Task item: Search the listing below for the line with "pink kawaii zip hoodie - detail", then write out that line and every one after it exactly, without the pictures.

Provided data:
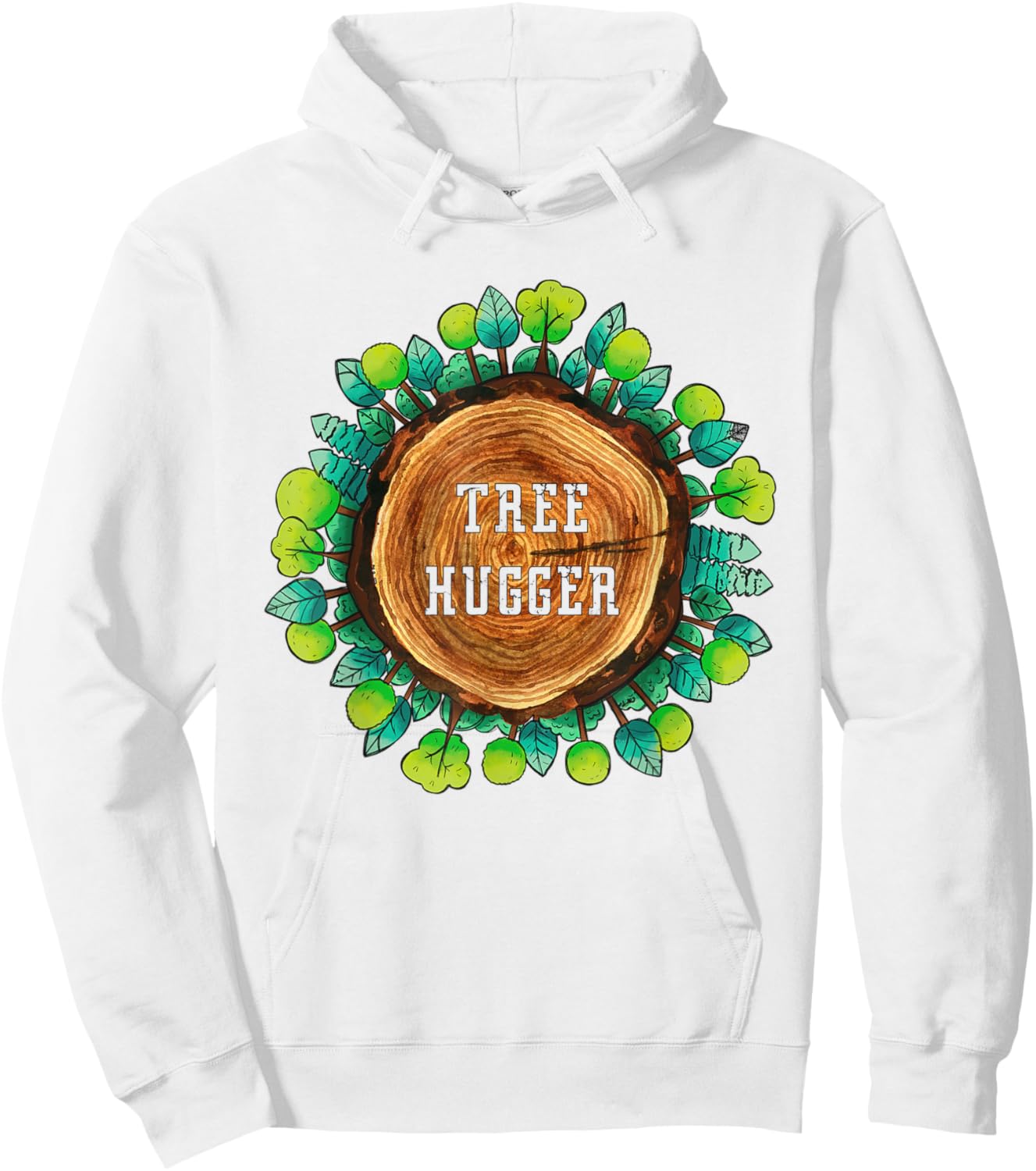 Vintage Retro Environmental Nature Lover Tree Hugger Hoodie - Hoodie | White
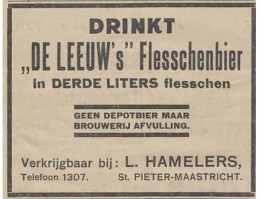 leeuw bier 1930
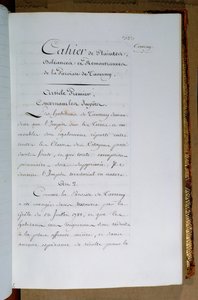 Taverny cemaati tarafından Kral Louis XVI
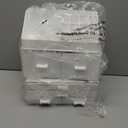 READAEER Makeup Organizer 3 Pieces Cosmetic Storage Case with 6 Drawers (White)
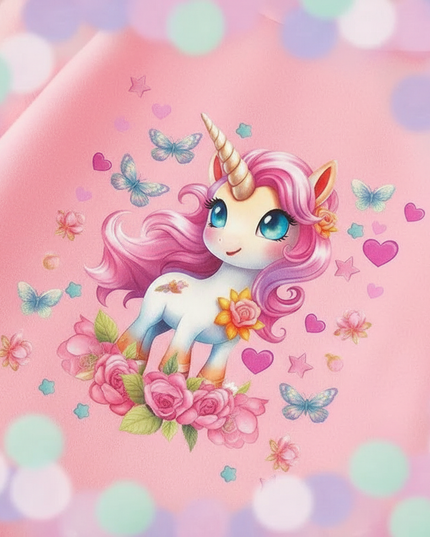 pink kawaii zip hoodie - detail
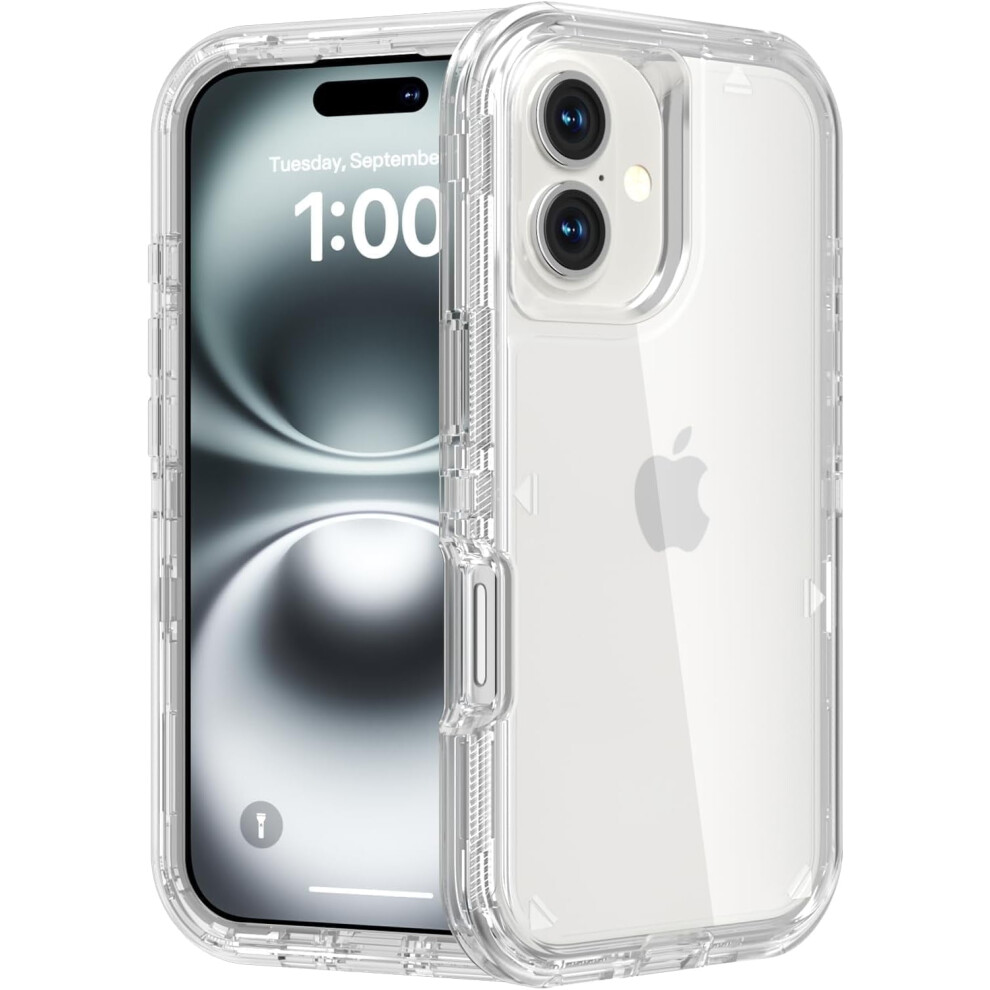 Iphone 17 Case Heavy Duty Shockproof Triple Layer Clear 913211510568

Task answer:
 pink kawaii zip hoodie - detail
 Iphone 17 Case Heavy Duty Shockproof Triple Layer Clear 913211510568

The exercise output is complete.